Children love their cute piggy bank. Do you remember the one that you had? I had a nice pink one gifted to me by my dad, although I wanted something red. The point to note here is that we need to inculcate a culture of savings in our children and ‘piggy bank’ is a popular method for starters. We give our children pocket money, don’t we? Now, all we need to do is to make them put a small portion of that money in the piggy bank. We need to tell them that if they keep all their pocket money with them they may run out of place to store the money and may run the risk of losing it as well. Further, through a ‘piggy bank’, you can tell your children that there is a price tag on everything in life and that there’s nothing as free lunch. This will make them realise that they need to save money today for a safer and secure tomorrow.

Thus, getting them into a habit of saving money in a piggy bank will make them realise the significance of money saved today for taking care of contingencies tomorrow. As they say, we don’t forget lessons learnt during our schooldays, then why would we forget the savings lesson told to us by our parents.

Moreover, tell your child that they can spend the money saved in a piggy bank in an effective manner when they wish to buy something for themselves or even buy gifts for their parents on birthdays and anniversaries. They could get good storybooks, toy cars, Barbie dolls, and many more things that they want by saving money in the piggy bank. I find this a good way to motivate your child to save money.

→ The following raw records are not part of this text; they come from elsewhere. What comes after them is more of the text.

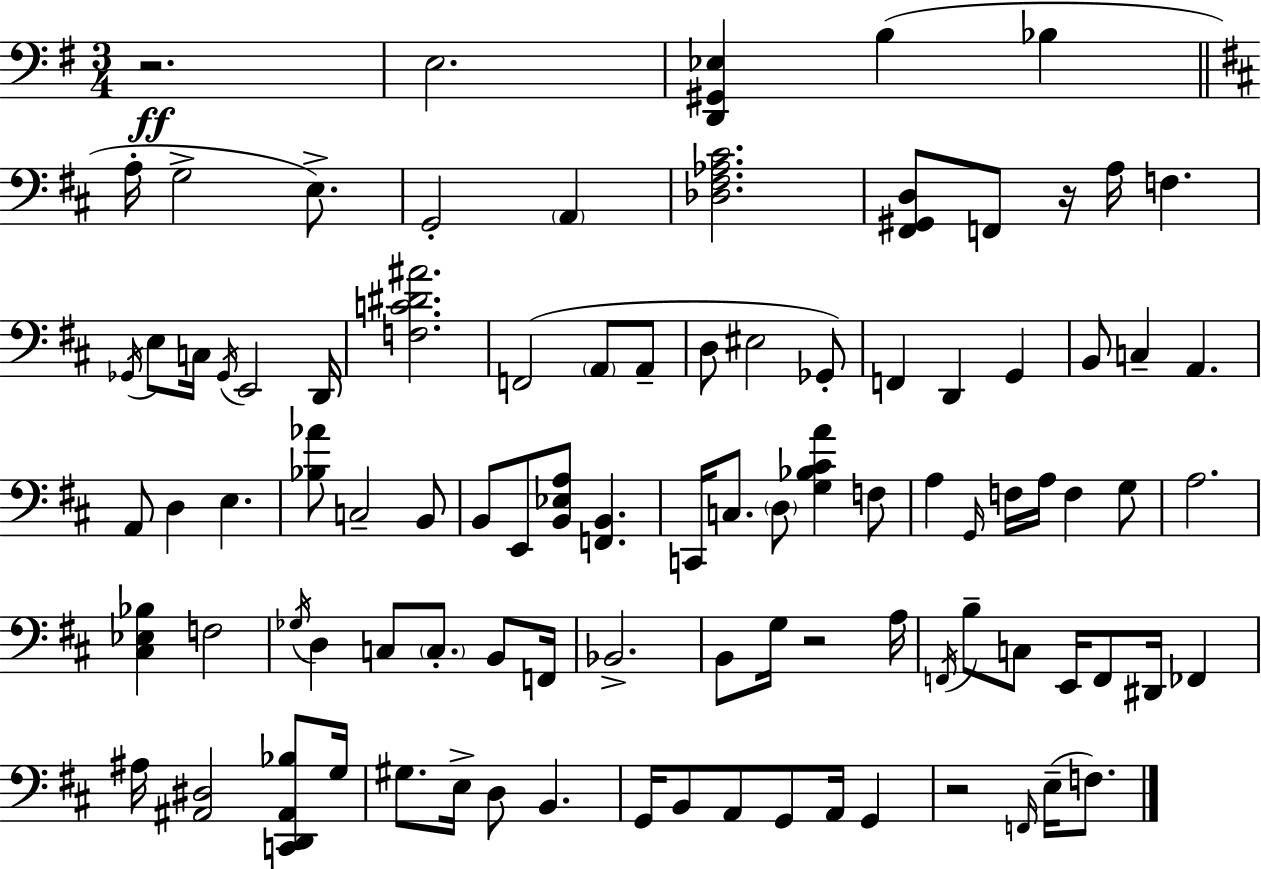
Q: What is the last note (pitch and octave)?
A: F3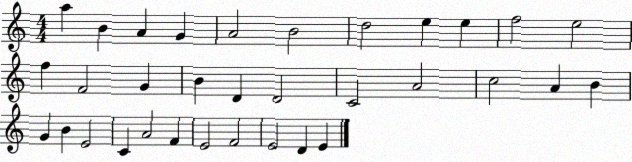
X:1
T:Untitled
M:4/4
L:1/4
K:C
a B A G A2 B2 d2 e e f2 e2 f F2 G B D D2 C2 A2 c2 A B G B E2 C A2 F E2 F2 E2 D E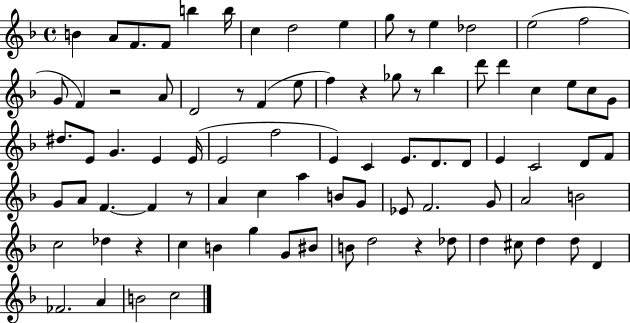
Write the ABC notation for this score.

X:1
T:Untitled
M:4/4
L:1/4
K:F
B A/2 F/2 F/2 b b/4 c d2 e g/2 z/2 e _d2 e2 f2 G/2 F z2 A/2 D2 z/2 F e/2 f z _g/2 z/2 _b d'/2 d' c e/2 c/2 G/2 ^d/2 E/2 G E E/4 E2 f2 E C E/2 D/2 D/2 E C2 D/2 F/2 G/2 A/2 F F z/2 A c a B/2 G/2 _E/2 F2 G/2 A2 B2 c2 _d z c B g G/2 ^B/2 B/2 d2 z _d/2 d ^c/2 d d/2 D _F2 A B2 c2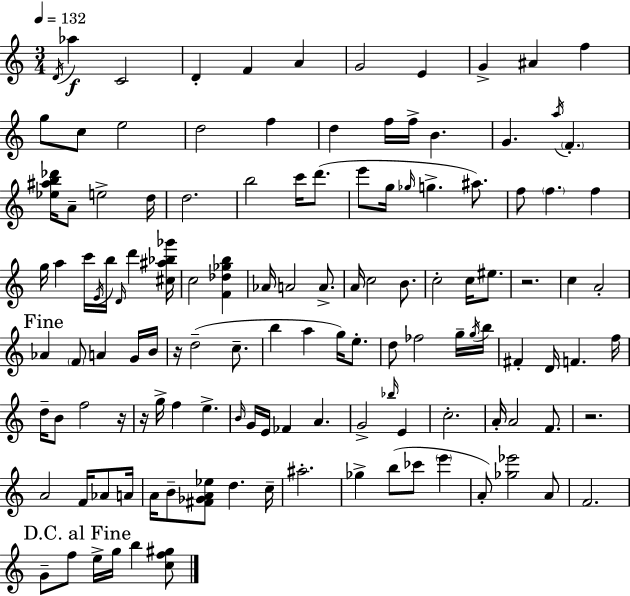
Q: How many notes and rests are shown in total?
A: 127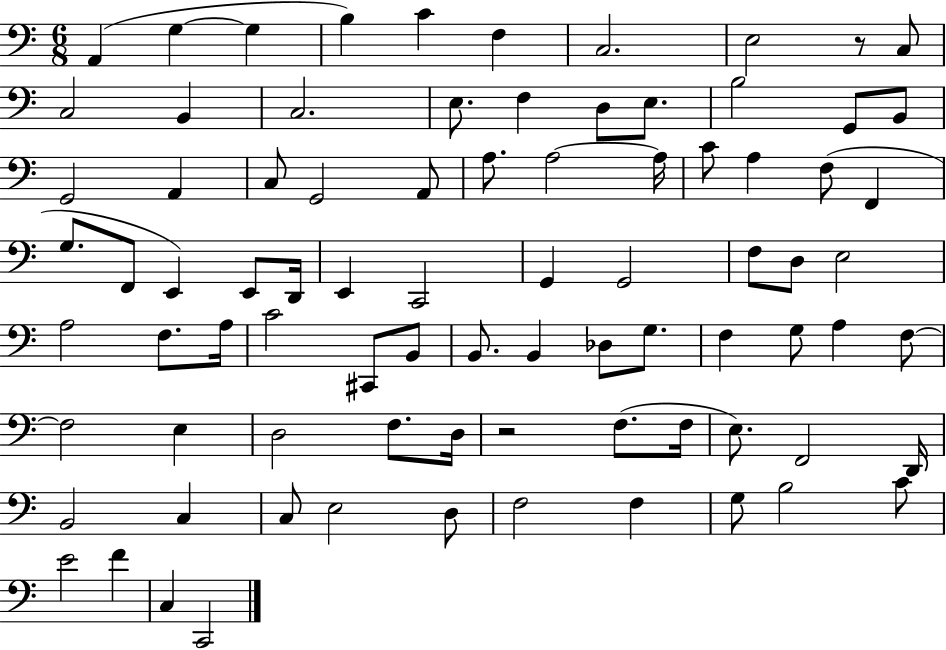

Oh! That garage has a few worn out things that could make me my pocket money this summer

When your children grow a little older, you can teach them that old and worn out things also have value in terms of money. Dangle the carrot of earning pocket money for this summer and what better than a garage sale. Show the children how you can clear your garage by actually making some money. Drill into your children’s minds the all-important fact that to earn money, you will have put in hard work and effort. This could be the pedestal for preparing your children to face the hardships of life, as they grow older.

That gorgeous Hercules bike, the awesome GI Joe 3 toy, the list is just endless. Yes, tell your child that they can have all of those on their own without their parents’ help. Demonstrate through action how they can earn for getting what they want. Therefore, spend time with your children on a Sunday and get them to clear old furniture and other stuff from your garage. Once they get the money, make them keep one portion aside for savings and tell them why it is important to do so, and ask them how they plan to spend the rest.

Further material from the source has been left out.